After two years, controversial Hellam winery nears another vote

Lindsey O'Laughlin
York Dispatch
The Hellam Township board of supervisors holds a hearing on a proposed winery and special event center WWBK Real Estate Holdings wants to build near the Hallam Borough line, Thursday, October 3, 2019
John A. Pavoncello photo

A two-year squabble over a proposed winery and wedding venue in Hellam Township is coming to a head.

The project's zoning application process has pitted applicants Bill and Wendy Hewitt, who live in Springettsbury Township, against the would-be venue's neighbors, who argue noise and traffic will change the character of the neighborhood.

At a hearing Thursday in front of the Hellam Township board, Jarred Neal, an engineer with Traffic Planning and Design Inc. in Harrisburg, testified that during special events at the winery, there would be an additional 120 to 150 vehicles along Libhart Mill Road.

"Based on what we've found with our review, the volume is low," he said, adding that this estimate is in line with other similarly sized wineries in the area.

Neal was one of three witnesses the Hewitts' attorney, David Jones, brought to the hearing to support the application that's lingered for years.

Noise has been a particular concern for residents living near to the site where the winery would be built. At a previous hearing, neighbors testified they were afraid they'd be able to hear car doors slamming and people talking in the parking lot.

The Hellam Township board of supervisors holds a hearing on a proposed winery and special event center WWBK Real Estate Holdings wants to build near the Hallam Borough line, Thursday, October 3, 2019
John A. Pavoncello photo

The township's board of supervisors denied the Hewitts' first application in 2018, so the Hewitts appealed.

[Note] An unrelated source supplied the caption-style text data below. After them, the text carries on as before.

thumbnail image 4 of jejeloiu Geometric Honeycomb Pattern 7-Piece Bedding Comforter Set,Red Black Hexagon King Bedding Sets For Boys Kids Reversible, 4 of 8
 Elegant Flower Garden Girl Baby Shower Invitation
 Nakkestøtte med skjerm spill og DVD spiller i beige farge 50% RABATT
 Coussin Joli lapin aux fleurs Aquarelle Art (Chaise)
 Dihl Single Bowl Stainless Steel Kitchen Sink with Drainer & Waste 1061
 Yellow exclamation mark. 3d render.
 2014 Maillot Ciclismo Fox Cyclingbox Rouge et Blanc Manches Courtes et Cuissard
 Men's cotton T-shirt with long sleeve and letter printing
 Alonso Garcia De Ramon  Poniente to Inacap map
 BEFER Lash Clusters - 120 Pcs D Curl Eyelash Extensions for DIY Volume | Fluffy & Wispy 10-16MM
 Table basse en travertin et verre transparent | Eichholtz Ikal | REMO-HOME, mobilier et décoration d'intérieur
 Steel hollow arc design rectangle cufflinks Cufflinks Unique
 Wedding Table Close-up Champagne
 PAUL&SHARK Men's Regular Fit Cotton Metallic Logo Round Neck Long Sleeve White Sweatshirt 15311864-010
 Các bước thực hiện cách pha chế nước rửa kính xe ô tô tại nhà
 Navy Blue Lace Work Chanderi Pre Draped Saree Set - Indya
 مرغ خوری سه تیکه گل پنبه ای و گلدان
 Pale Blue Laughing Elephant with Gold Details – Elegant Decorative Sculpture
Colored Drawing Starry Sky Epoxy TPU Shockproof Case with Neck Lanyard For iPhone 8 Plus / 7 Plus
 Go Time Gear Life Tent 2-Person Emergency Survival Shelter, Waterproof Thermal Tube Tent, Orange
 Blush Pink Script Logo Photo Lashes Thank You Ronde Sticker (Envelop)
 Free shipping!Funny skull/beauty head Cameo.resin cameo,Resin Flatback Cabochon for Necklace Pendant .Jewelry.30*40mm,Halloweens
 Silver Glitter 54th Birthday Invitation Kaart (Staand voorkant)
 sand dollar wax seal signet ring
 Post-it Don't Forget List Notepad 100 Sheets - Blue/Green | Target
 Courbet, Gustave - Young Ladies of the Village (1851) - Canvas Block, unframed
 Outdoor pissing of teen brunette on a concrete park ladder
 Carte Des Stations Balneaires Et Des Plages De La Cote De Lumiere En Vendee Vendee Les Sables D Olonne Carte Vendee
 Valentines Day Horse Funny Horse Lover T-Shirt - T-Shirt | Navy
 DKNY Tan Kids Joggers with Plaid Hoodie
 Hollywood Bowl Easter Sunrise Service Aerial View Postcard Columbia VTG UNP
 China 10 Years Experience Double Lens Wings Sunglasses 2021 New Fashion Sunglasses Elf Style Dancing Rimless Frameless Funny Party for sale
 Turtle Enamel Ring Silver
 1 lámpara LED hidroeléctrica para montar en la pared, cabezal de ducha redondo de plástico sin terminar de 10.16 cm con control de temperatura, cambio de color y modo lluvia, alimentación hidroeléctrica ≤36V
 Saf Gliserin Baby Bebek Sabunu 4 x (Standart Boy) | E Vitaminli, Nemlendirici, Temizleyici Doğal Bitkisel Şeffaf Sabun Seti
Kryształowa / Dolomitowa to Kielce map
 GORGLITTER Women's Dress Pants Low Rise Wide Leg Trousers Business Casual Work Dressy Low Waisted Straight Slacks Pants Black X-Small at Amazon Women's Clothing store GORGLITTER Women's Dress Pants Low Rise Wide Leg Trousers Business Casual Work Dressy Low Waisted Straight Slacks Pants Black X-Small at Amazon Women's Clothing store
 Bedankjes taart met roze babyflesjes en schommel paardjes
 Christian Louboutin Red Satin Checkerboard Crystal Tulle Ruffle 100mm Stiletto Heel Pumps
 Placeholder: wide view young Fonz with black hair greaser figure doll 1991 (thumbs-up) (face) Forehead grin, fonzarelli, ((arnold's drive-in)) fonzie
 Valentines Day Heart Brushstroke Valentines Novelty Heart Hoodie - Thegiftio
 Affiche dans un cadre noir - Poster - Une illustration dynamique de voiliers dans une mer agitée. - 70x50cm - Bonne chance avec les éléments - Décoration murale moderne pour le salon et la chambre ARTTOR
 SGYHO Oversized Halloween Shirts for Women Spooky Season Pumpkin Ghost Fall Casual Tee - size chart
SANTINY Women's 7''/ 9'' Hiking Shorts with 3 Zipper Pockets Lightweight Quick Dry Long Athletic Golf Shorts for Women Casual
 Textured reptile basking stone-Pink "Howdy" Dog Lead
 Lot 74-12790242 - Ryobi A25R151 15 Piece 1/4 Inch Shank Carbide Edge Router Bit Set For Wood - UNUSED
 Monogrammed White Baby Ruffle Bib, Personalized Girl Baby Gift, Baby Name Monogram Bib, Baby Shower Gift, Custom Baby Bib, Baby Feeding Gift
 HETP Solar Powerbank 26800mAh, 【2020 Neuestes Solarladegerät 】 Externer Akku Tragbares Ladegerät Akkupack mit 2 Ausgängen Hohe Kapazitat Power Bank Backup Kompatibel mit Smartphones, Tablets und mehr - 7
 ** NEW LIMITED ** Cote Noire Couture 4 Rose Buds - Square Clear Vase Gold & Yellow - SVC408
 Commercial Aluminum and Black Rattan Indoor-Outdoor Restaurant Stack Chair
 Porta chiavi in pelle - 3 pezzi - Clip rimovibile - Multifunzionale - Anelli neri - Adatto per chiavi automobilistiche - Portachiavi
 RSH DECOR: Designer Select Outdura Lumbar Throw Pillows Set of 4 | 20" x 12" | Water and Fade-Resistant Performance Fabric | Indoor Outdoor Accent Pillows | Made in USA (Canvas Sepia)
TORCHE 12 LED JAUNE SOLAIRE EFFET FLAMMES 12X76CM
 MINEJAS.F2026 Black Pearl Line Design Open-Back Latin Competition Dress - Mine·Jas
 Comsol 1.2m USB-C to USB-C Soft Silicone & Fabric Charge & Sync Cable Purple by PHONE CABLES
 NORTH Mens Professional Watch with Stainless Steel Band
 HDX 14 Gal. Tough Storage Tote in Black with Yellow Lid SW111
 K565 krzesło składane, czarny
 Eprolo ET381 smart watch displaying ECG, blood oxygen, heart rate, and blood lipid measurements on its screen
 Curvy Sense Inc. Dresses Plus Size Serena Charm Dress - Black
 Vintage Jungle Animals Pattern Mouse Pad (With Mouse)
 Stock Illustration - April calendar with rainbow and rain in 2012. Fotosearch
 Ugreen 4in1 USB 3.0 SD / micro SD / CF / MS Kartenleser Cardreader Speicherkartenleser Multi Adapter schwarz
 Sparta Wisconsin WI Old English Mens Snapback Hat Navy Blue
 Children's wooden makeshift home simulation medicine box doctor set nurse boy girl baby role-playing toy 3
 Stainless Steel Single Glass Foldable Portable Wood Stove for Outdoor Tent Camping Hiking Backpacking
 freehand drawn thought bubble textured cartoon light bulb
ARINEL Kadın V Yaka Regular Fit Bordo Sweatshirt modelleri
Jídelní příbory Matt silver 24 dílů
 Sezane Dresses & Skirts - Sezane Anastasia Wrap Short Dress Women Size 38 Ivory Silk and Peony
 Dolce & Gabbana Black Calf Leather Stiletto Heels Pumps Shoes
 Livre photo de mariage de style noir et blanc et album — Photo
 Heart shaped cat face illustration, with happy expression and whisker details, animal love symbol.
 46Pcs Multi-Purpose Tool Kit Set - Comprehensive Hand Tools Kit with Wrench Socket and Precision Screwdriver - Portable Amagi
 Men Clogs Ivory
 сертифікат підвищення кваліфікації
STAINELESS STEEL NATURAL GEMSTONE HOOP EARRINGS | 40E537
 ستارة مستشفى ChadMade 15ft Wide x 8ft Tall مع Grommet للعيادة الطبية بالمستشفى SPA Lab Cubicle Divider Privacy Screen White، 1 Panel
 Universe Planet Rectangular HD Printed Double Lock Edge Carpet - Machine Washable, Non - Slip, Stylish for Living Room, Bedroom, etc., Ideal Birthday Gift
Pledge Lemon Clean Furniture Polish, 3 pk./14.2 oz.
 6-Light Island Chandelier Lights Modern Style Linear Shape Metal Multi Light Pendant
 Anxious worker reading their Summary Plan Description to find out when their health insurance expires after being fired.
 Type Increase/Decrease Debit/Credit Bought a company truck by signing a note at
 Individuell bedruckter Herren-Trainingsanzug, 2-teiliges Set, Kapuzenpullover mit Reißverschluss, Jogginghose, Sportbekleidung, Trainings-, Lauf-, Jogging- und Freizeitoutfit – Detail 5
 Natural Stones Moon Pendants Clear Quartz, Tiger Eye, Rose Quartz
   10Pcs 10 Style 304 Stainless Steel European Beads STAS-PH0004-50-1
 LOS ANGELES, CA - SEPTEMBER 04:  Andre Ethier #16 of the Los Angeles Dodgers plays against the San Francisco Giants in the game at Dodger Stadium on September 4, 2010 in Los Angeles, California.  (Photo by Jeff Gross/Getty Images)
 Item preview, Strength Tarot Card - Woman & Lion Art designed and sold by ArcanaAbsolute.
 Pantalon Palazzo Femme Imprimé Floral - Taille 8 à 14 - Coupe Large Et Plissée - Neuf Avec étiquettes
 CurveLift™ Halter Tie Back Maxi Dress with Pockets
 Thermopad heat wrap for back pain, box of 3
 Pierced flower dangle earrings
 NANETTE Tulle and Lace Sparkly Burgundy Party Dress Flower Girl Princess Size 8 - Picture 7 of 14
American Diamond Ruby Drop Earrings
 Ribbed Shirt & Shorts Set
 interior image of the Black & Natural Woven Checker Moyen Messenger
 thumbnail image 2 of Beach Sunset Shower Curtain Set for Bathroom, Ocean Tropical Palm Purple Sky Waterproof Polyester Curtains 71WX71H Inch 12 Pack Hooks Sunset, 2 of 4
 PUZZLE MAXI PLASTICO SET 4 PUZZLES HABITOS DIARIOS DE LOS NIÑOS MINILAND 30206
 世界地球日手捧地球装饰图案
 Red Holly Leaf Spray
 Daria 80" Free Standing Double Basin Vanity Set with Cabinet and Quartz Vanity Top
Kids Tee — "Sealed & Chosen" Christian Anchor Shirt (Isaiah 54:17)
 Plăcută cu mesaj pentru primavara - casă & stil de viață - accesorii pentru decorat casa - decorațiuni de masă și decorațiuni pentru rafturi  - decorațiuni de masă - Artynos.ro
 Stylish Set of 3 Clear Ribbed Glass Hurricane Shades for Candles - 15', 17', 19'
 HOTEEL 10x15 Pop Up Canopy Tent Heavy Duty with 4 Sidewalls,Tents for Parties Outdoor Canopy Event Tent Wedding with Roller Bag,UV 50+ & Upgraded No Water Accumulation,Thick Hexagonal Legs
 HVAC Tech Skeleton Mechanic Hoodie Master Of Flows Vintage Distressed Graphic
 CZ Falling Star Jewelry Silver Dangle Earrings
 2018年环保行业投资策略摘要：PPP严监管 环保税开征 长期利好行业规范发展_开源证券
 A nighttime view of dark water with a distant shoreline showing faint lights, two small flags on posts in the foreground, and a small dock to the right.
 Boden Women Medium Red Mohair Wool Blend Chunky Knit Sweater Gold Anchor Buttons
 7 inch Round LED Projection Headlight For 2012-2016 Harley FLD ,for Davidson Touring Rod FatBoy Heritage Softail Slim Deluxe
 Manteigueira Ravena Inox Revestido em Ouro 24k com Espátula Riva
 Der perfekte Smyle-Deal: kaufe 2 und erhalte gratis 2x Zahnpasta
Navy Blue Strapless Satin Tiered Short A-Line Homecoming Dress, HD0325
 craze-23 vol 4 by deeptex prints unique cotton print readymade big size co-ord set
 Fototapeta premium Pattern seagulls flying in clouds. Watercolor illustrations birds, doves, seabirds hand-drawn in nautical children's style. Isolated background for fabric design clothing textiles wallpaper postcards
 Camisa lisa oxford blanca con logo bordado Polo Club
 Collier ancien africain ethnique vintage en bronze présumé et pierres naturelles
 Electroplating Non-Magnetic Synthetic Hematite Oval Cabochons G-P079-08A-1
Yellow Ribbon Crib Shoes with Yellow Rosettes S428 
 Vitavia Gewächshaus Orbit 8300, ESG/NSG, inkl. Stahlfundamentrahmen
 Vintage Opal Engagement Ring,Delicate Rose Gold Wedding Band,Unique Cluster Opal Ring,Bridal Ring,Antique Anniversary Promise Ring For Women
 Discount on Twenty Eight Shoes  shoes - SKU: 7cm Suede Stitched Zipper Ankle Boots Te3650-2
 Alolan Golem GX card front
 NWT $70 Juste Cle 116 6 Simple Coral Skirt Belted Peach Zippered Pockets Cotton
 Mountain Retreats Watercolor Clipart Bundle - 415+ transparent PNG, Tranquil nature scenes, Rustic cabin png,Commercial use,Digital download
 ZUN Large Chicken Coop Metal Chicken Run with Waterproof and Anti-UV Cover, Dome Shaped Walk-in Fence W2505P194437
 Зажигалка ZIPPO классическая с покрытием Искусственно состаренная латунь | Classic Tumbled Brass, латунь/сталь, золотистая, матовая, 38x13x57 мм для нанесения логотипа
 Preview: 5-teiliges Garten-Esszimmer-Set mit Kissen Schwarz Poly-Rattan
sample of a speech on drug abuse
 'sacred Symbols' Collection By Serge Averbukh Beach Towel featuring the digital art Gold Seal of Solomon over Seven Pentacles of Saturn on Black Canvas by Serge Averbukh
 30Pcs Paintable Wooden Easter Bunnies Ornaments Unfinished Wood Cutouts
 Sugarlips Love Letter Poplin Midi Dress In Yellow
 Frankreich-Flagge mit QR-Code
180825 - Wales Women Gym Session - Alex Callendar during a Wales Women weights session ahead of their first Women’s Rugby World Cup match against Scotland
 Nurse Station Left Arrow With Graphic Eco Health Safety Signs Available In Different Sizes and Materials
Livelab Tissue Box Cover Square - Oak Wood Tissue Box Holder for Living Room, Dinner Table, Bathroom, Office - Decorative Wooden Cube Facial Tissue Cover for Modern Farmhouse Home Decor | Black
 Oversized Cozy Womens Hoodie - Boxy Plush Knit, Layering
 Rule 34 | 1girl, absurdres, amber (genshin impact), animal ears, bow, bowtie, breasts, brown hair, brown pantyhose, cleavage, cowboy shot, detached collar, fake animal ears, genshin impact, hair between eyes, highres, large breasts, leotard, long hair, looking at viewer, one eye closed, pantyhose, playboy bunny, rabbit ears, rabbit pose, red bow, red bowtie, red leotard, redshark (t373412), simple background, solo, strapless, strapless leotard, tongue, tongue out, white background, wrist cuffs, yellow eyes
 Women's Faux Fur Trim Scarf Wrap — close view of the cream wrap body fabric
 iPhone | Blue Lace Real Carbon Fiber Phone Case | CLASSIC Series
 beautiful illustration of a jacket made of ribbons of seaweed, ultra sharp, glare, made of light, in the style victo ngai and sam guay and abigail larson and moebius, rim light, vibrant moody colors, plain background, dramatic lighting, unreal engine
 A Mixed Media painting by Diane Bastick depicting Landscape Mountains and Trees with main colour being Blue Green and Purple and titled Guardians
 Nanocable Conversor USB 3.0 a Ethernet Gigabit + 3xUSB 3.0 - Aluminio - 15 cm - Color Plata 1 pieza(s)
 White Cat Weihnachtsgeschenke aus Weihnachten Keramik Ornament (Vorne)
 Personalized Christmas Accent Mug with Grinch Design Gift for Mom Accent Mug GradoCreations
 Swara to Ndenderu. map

The Court of Common Pleas reversed the board's decision, saying the board didn't have the grounds to deny an application that met all of the zoning requirements.

But the neighbors appealed the court's reversal, sending the matter to Commonwealth Court.

The Commonwealth Court reversed the Common Pleas court decision, but only on the grounds that the Hewitts failed to submit a detailed written plan about how they would address noise complaints.

So the Hewitts submitted a new application to the township, this time with a written plan for dealing with noise complaints.

On Thursday, Thomas Lang, an attorney for the neighbors opposing the project, questioned whether the noise level would be amplified once the winery opened and there was a wedding going on with multiple speakers playing music for hours at a time.

But Christopher Brooks, an architectural sound engineer who worked with the Hewitts at the site of the proposed winery, said his tests, including slamming car doors, resulted in little noise traveling beyond the Hewitts' property line.

To test whether noise levels would fall within the accepted parameters, Brooks placed a speaker on the property where the reception space would be built and blasted music in the open air, then measured the sound level at various points across the property line.

At the edge of the property, the noise level was slightly above the ambient noise level without the music playing, Brooks said, and he pointed out that if the source of noise were contained inside the building, the noise level at the property line would be even lower.

The Hewitts, and the courts, have pointed out that a winery with an associated wedding venue is already a permitted conditional use in the township's rural-agricultural zone and that residents who live in that zone must be prepared to contend with agricultural activities.

"We as township supervisors have to look at this plan as it relates to a normal winery use," said Galen Weibley, board chair.

The hearing will be continued on Nov. 7, when the opponents of the project will present their case and call their own witnesses. Weibley said it was the most detailed conditional use permit application hearing he's seen in the six years he's served on the board.

Lang and his witnesses will have to prove that the Hewitts' winery would fall outside the generally expected parameters for a Winery Type B in the rural-agricultural zone, Weibley said.